What could be wrong with that? Ditto for the mission
embodied in its name: Restaurants Advancing Industry Standards in Employment.
With organized labor targeting the restaurant industry, what’s wrong with some
pre-emptive, progressive and voluntary reform of the practices that rile one of
the private sector’s largest employers?
But check out who formed RAISE. It’s the latest initiative
of the Restaurant Opportunities Center, a New York-based group that stresses
that it’s not a union, even though it certainly looks and sounds like one.
Where it differs is in its methods.
Instead of focusing on organizating, as old-line labor
groups do, ROC conducts what it attests is unbiased research about the plight
of restaurant employees. Seldom are the findings a bouquet of roses for the
trade of the whole. Indeed, they tend to
be sharp indictments, but presented as research rather than union propaganda.

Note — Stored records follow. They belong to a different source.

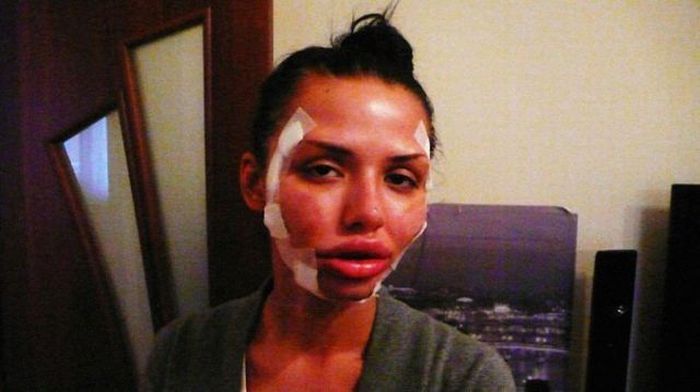 operacije Beauty or?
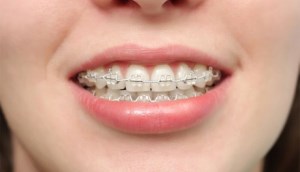 Niềng răng là gì? Lợi ích, chi phí và đối tượng niềng răng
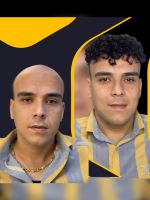 پروتز مو در شهرکرد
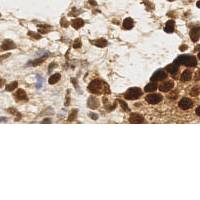 Sample image from EndoNuke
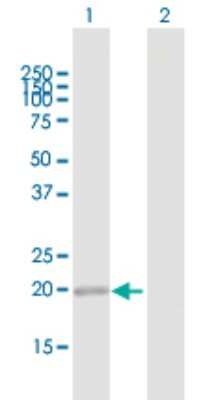 Western Blot: METTL10 Antibody [H00399818-B01P]
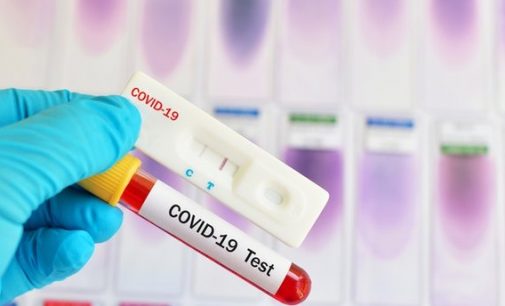 Koronavirüs testlerinde aşı etkisi: Pozitiflik oranında düşüş var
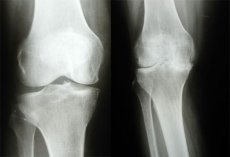 cum să tratezi articulațiile mici ale piciorului unguente și geluri pentru tratamentul artrozei articulare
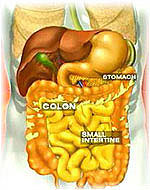 มะเร็งลำไส้ใหญ่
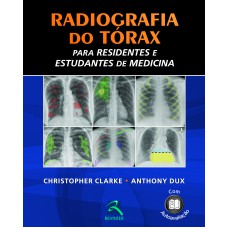 Radiografia do Tórax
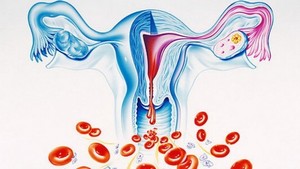 Обильные менструации (меноррагия)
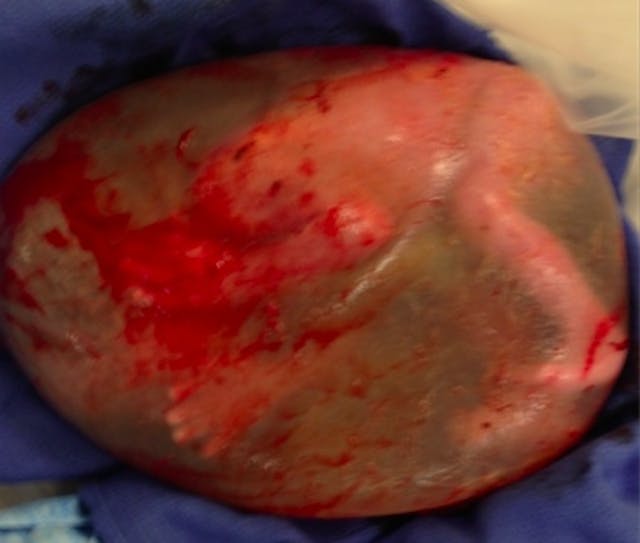 Photo: Cedars-Sinai Medical Center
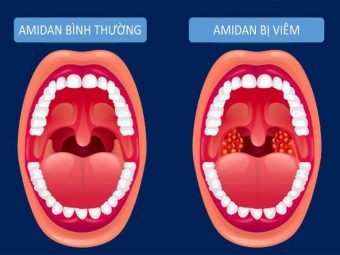 Dấu hiệu nhận biết amidan bình thường và amidan bị viêm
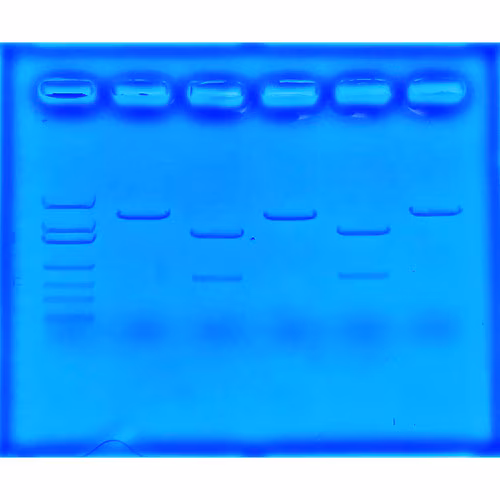 Using CRISPR To Treat Cystic Fibrosis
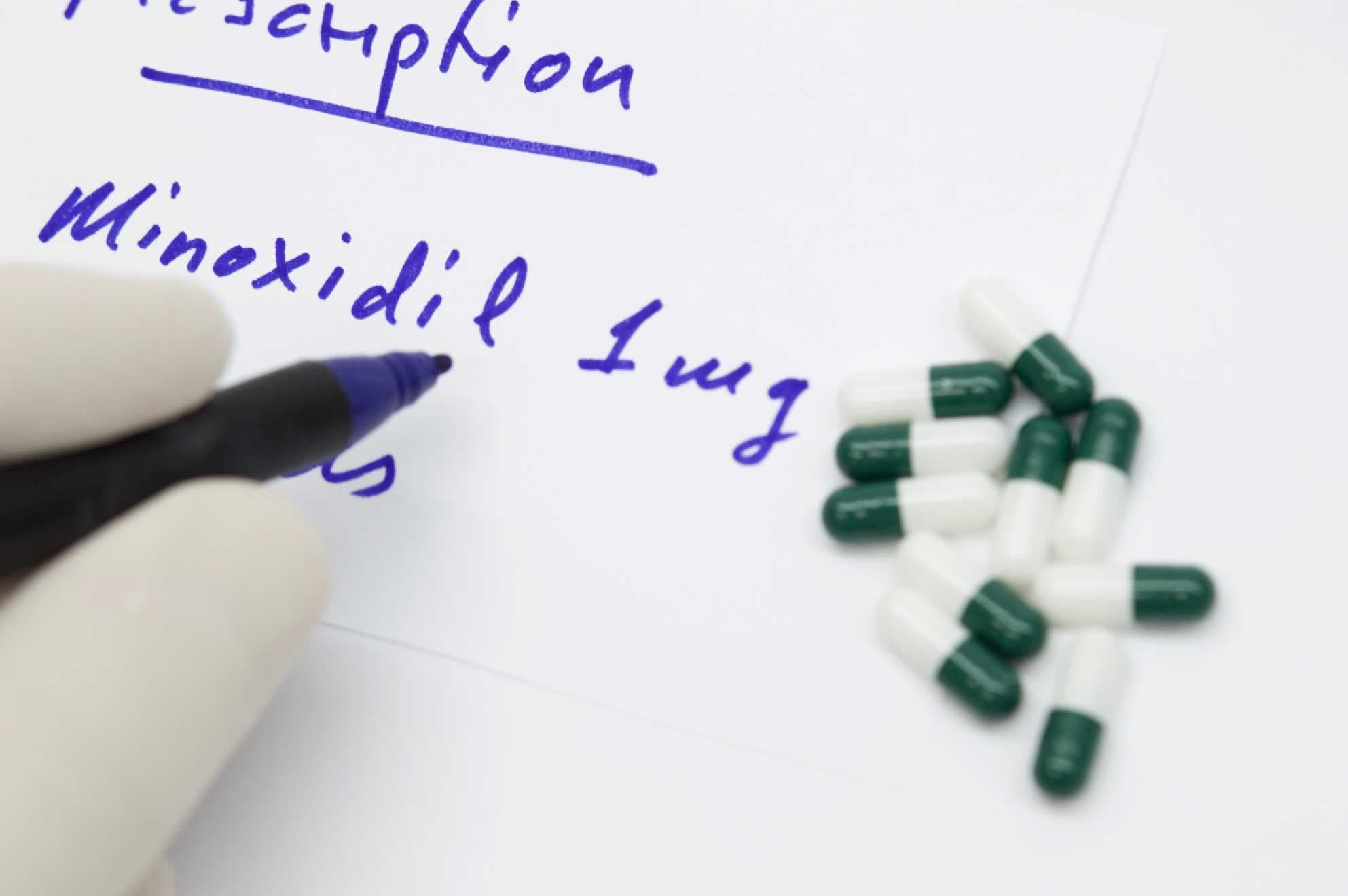 Effect of minoxidil on hair loss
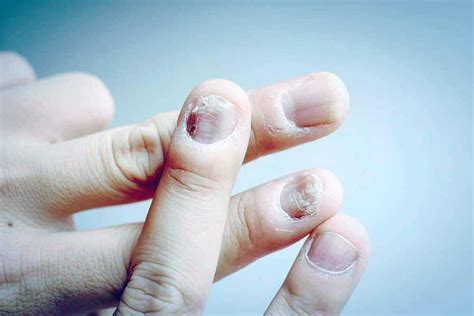 Nail Yeast Infections We Heart Nails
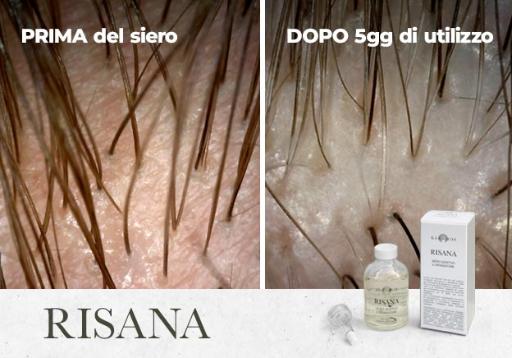 Risana: siero lenitivo e riparatore 50 ml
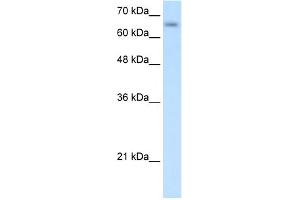 WB Suggested Anti-SLC39A12 Antibody Titration:  0. (SLC39A12 Antikörper  (N-Term))
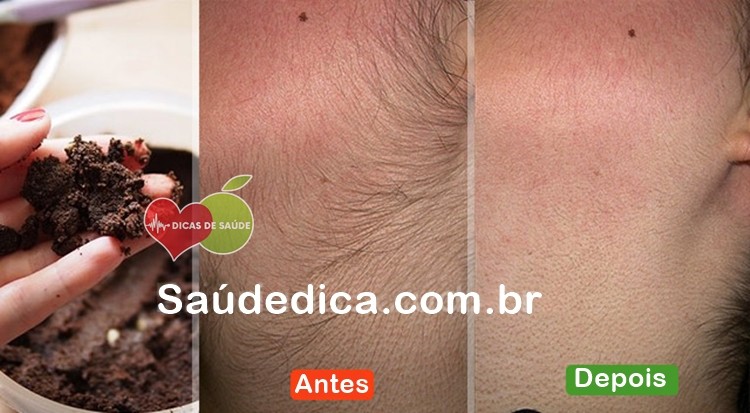 maneiras de eliminar pelos indesejados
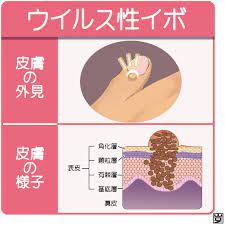 ウイルス性イボ(尋常性疣贅)とは(治療など) | 新宿駅前クリニック皮膚科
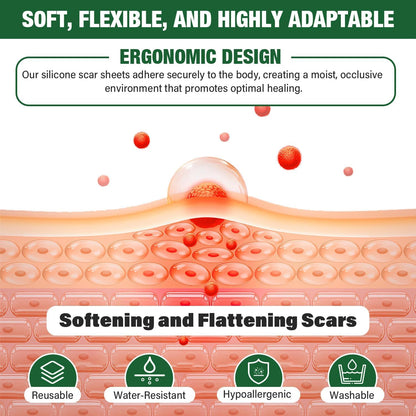 Mitreal Silicone Scar Sheets – 1.6x120 Roll | Surgical Scar Tape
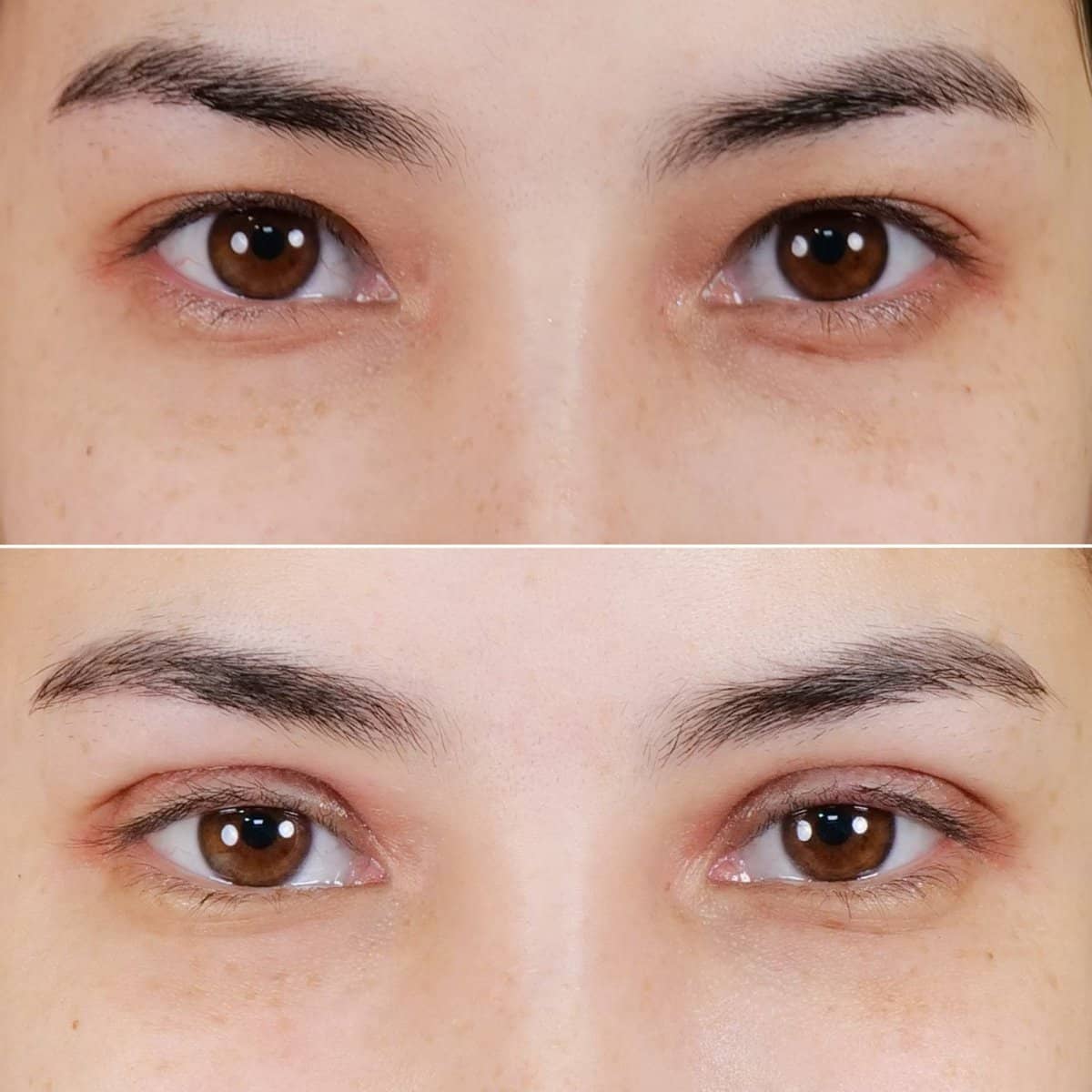 Case 20990 - double eyelid surgery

Now, with the launch of RAISE, ROC is claiming to represent
a new breed of restaurant owners and operators as well. That’s what it’s saying
on its scorecard. And it stresses that it already has 100 restaurants enrolled as
members.
But whose interests is a non-union union really going to
serve?
1 comment:
This is exactly the model the NRA has used for years. The NRA releases the results of a study, but do not make the study available or offer it up for peer review. Then NRN runs the statistics citing the press release, but not the original study. How can you call this practice from one group, "Propaganda" without applying the same label to the other?
The HRA and RAISE are both lobbying efforts. The NRA does not represent the views of all restaurant owners and they seldom lobby in the interest of restaurant employees. The NRA speaks for the top tiers of the restaurant industry. What is wrong with a group to speak for the concerns of everyone else?